==== TASK INPUT ====

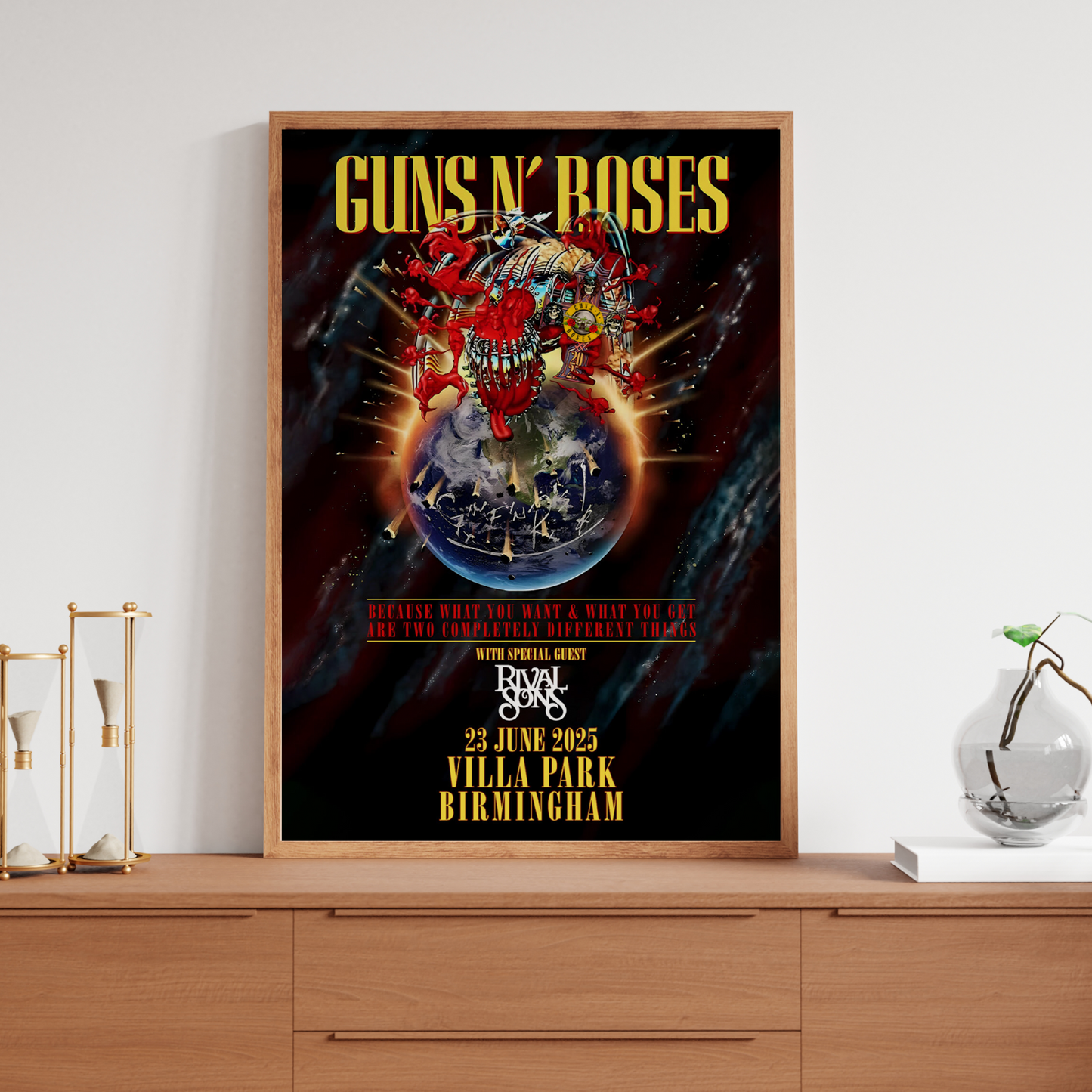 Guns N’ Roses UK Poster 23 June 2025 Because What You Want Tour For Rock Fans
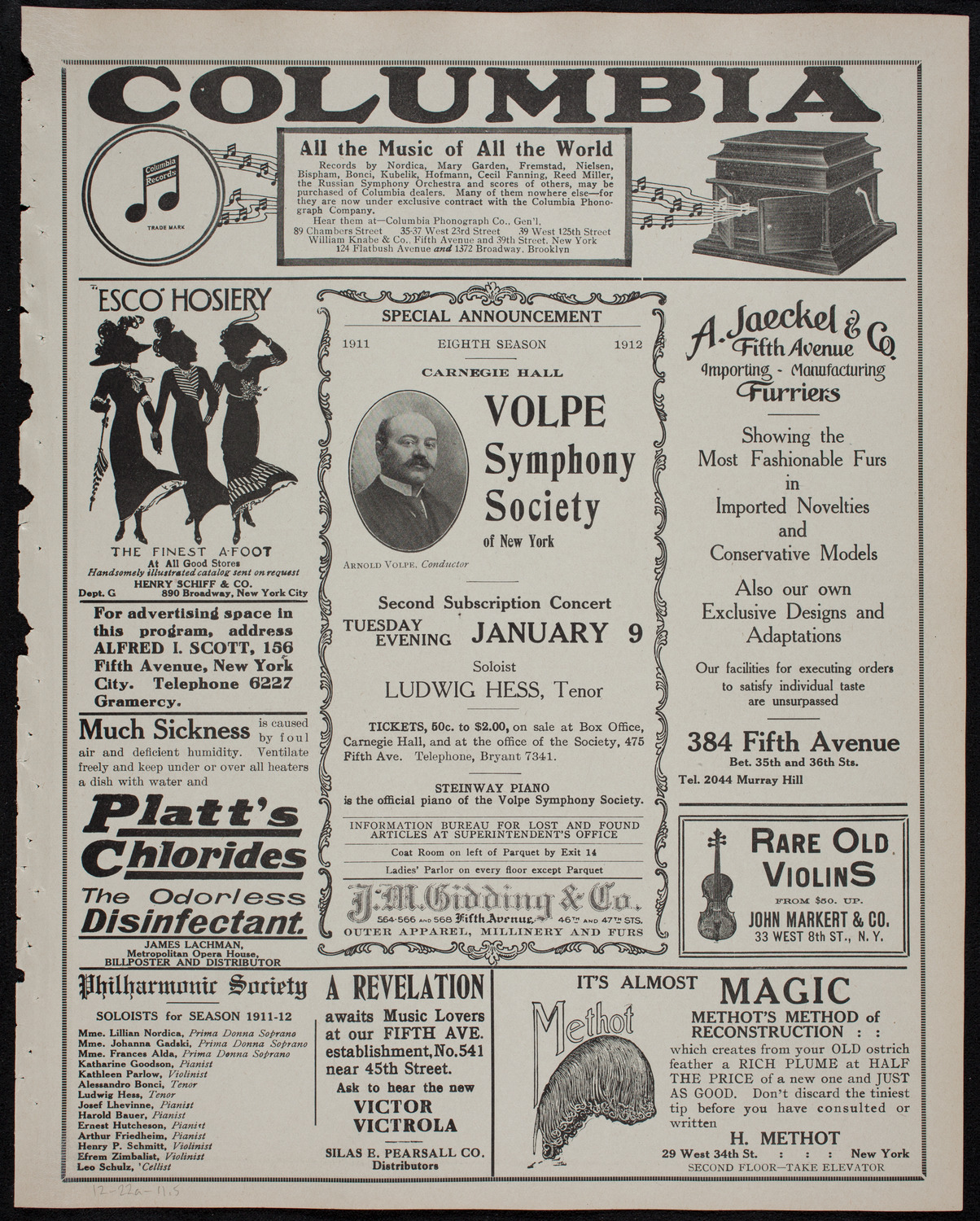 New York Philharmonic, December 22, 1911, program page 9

====
==== TASK INPUT ====

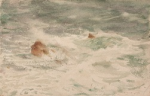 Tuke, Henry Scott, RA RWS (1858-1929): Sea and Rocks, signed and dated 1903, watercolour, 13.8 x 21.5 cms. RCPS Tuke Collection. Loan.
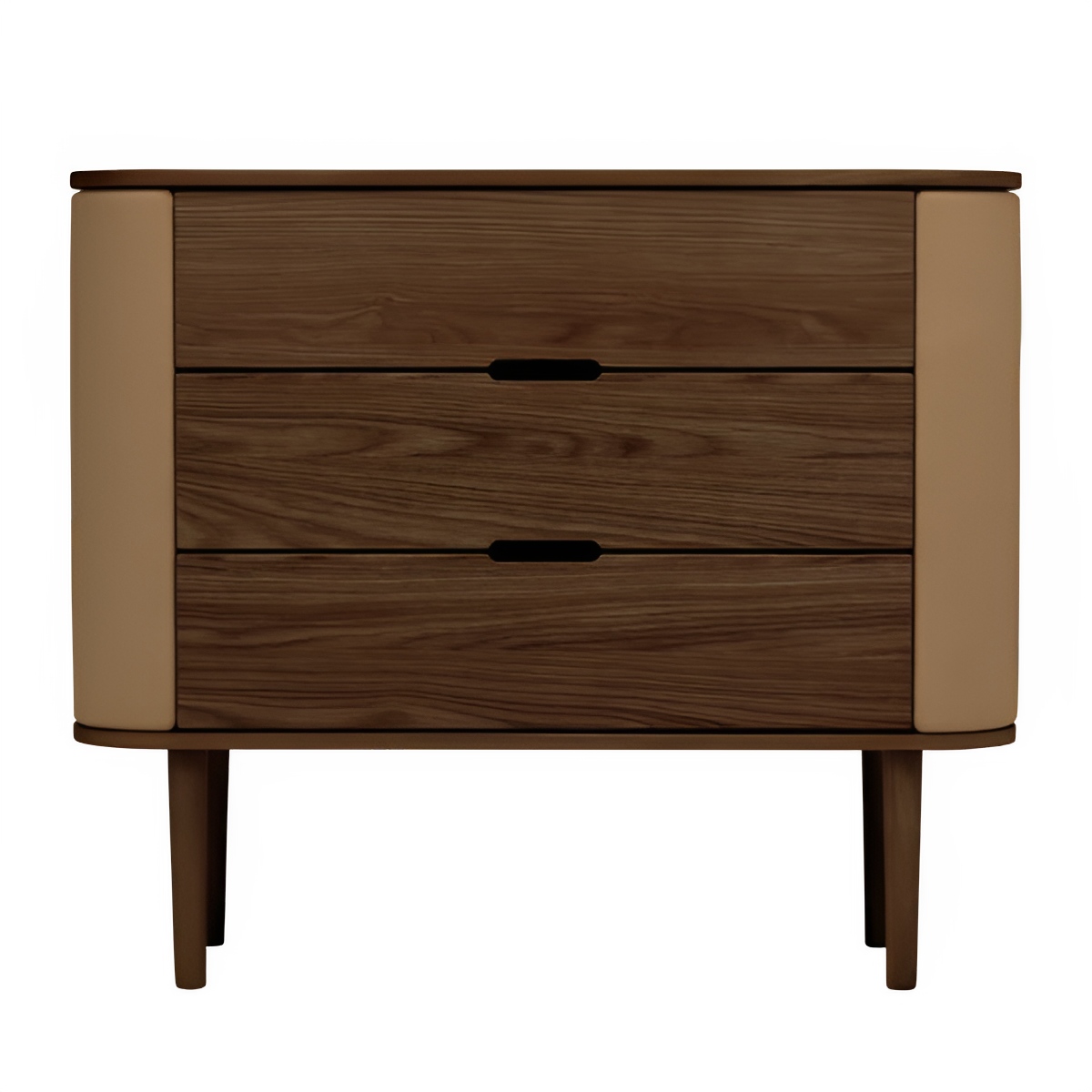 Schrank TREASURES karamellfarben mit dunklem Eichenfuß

====

**TASK DESCRIPTION**
In the records above, everything from the line with "Tuke, Henry Scott, RA" down to the line with "Schrank TREASURES karamellfarben" is to be set down exactly, both ends included, with no pictures and no other lines.

**REPLY**
 Tuke, Henry Scott, RA RWS (1858-1929): Sea and Rocks, signed and dated 1903, watercolour, 13.8 x 21.5 cms. RCPS Tuke Collection. Loan.
 Schrank TREASURES karamellfarben mit dunklem Eichenfuß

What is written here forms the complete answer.